● Work task
Find the line containing "OutOf10 black cotton" in the entries; transcribe it and all remaining lines through the end, exactly as they appear, but not the pictures.
Segment Start: Supplied entries
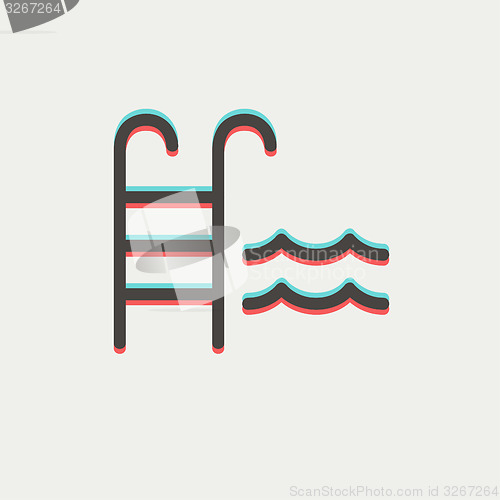 Image of Swimming pool ladder thin line icon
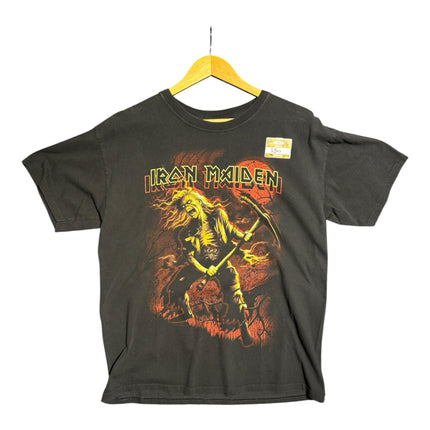 OutOf10 black cotton Iron Maiden graphic t-shirt featuring a yellow and red Eddie print on a wooden hanger
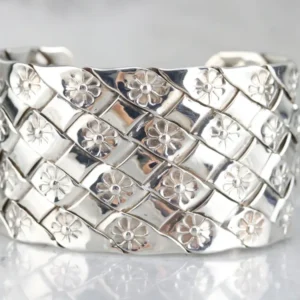 Wide Sterling Kwikzilver Cuff Bracelet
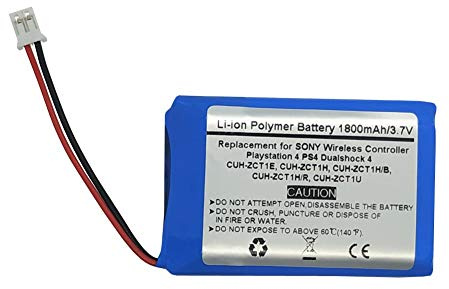 1800mAh 3.7V Replacement Battery For Sony Playstation PS 4 Dualshock 4 Wireless Controller Models: CUH-ZCT1E, CUH-ZCT1H, CUH-ZCT1H/B, CUH-ZCT1H/R, CUH-ZCT1U, 2015 & older models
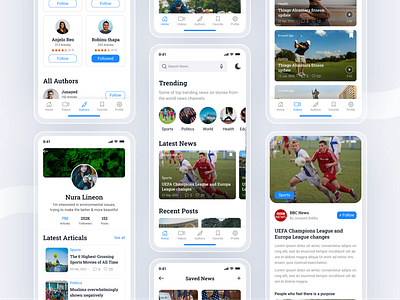 News & Magazine App app design apps design creative design figma football new dsign newspaper newspaper app play app playing app scase score app sports sports app system ui ui design xd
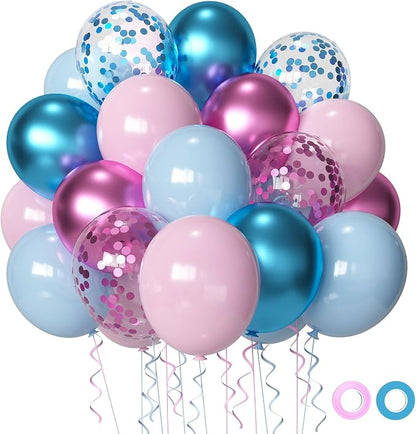 Pink and Blue Party Balloons by Msiveavz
Segment End: Supplied entries
● Response to this exercise
 OutOf10 black cotton Iron Maiden graphic t-shirt featuring a yellow and red Eddie print on a wooden hanger
 Wide Sterling Kwikzilver Cuff Bracelet
 1800mAh 3.7V Replacement Battery For Sony Playstation PS 4 Dualshock 4 Wireless Controller Models: CUH-ZCT1E, CUH-ZCT1H, CUH-ZCT1H/B, CUH-ZCT1H/R, CUH-ZCT1U, 2015 & older models
 News & Magazine App app design apps design creative design figma football new dsign newspaper newspaper app play app playing app scase score app sports sports app system ui ui design xd
 Pink and Blue Party Balloons by Msiveavz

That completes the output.